### [Captioned web image data]
▶

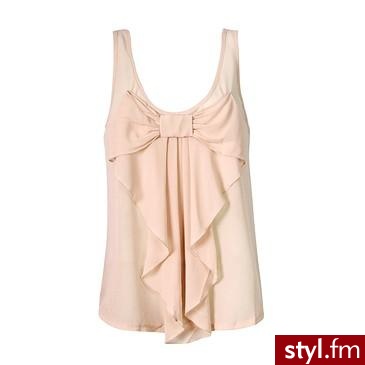 Bluzki Ciuchy Moda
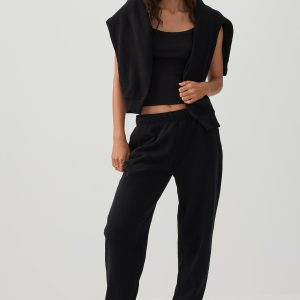 BASICORE™ Rib Tank Top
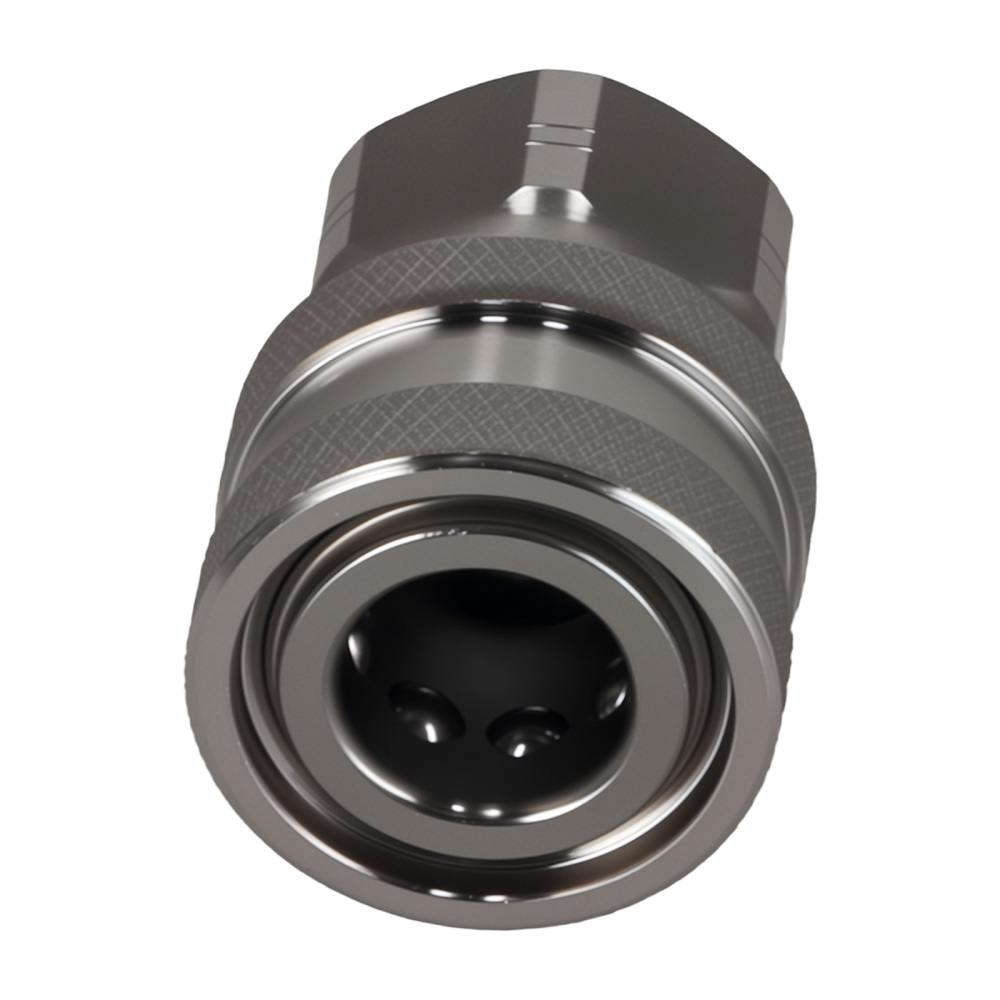 1/4 Adapter Quick Connect for Pressure Washer NPT Stainless Steel Kit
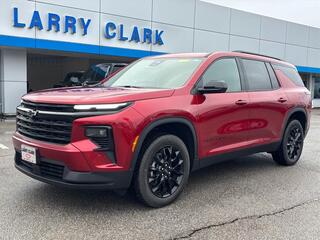 2026 Chevrolet Traverse for sale in Amory MS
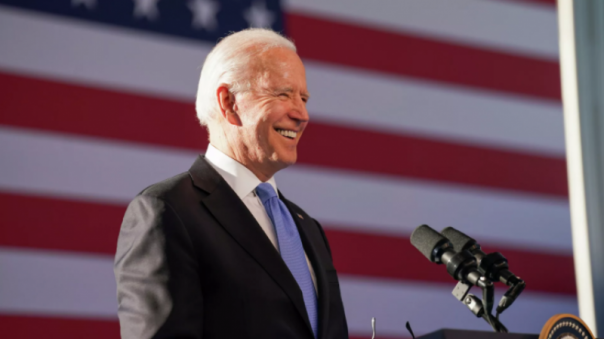 Байден заявил, что хочет предсказуемых и стабильных отношений с «могущественной и гордой Россией»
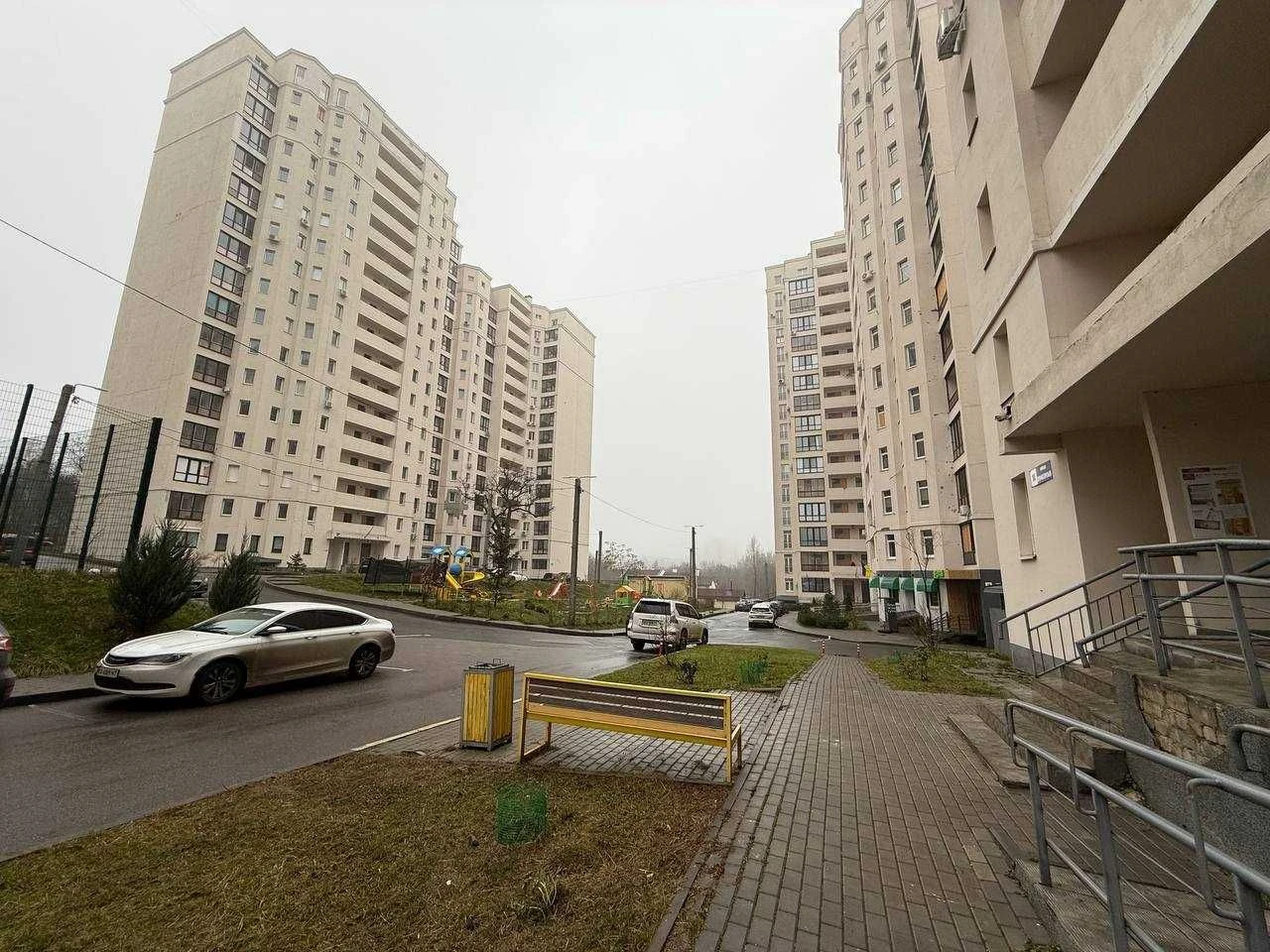 СРОЧНО! ЖК Сокольники, ЦЕНТР! Продам 3 комн. квартиру 100м2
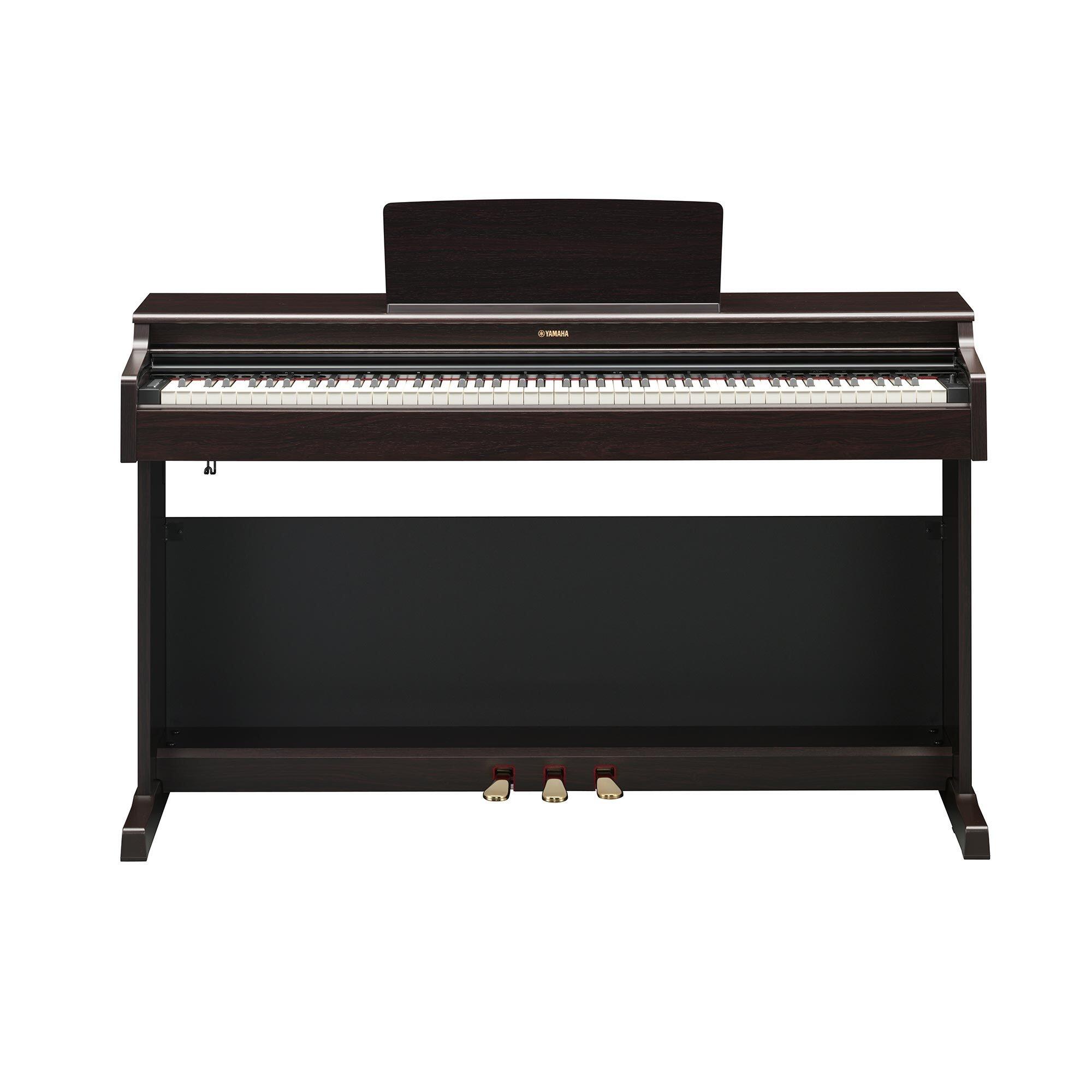 Comprar Piano Digital Yamaha YDP165 Rosewood
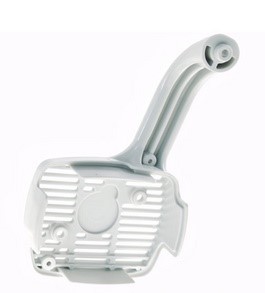 Хомутик рукоятки STIHL 12067911506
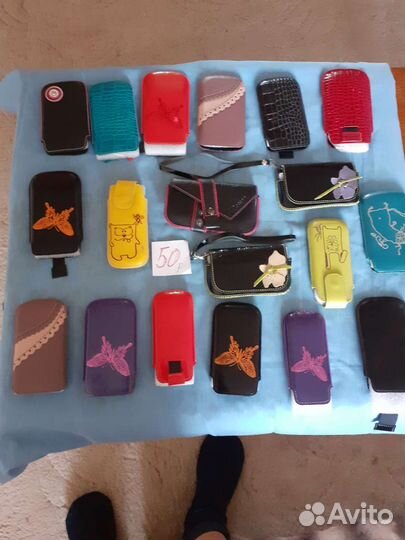 Футляр для телефона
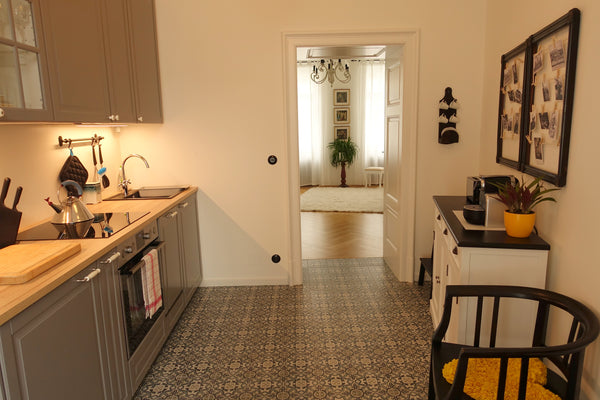 This lovely, classically furnished apartment is located on the second floor, spa Vienna, Austria Bright, luxurious, very cozy & centrally located!! Entire rental unit vacation rental 22365865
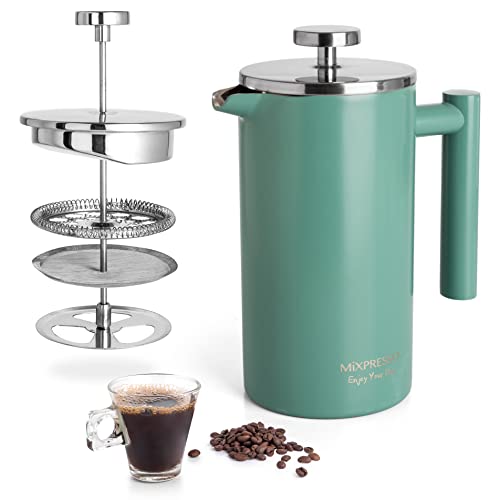 French Press Coffee Maker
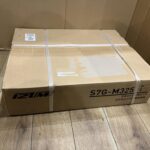 充電油圧式多機能工具　圧着工具 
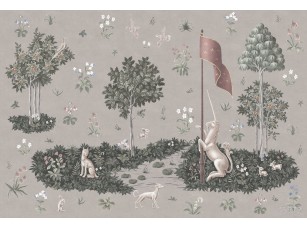 Фотообои Gobelen 35972  - фото (1)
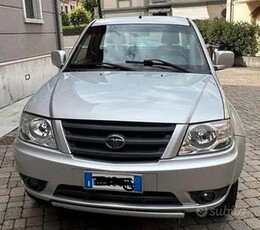 Tata Xenon 2.2 Dicor 4x4 PL-DC Pick-up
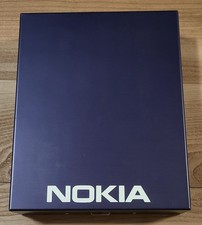 Nokia Steel Threads Metal Flip
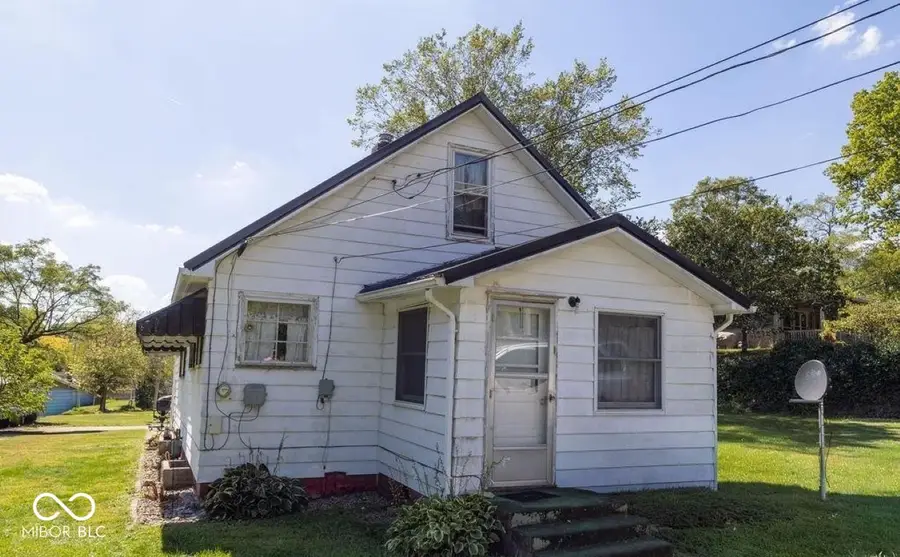 711 N 14th Street, New Castle, IN 47362 - Image #2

◀

### [ASSIGNMENT]
Please write out, exactly, every line from the line with "This lovely, classically" through the final line of the data above, leaving out pictures.

### [TASK RESULT]
 This lovely, classically furnished apartment is located on the second floor, spa Vienna, Austria Bright, luxurious, very cozy & centrally located!! Entire rental unit vacation rental 22365865
 French Press Coffee Maker
 充電油圧式多機能工具　圧着工具 
 Фотообои Gobelen 35972  - фото (1)
 Tata Xenon 2.2 Dicor 4x4 PL-DC Pick-up
 Nokia Steel Threads Metal Flip
 711 N 14th Street, New Castle, IN 47362 - Image #2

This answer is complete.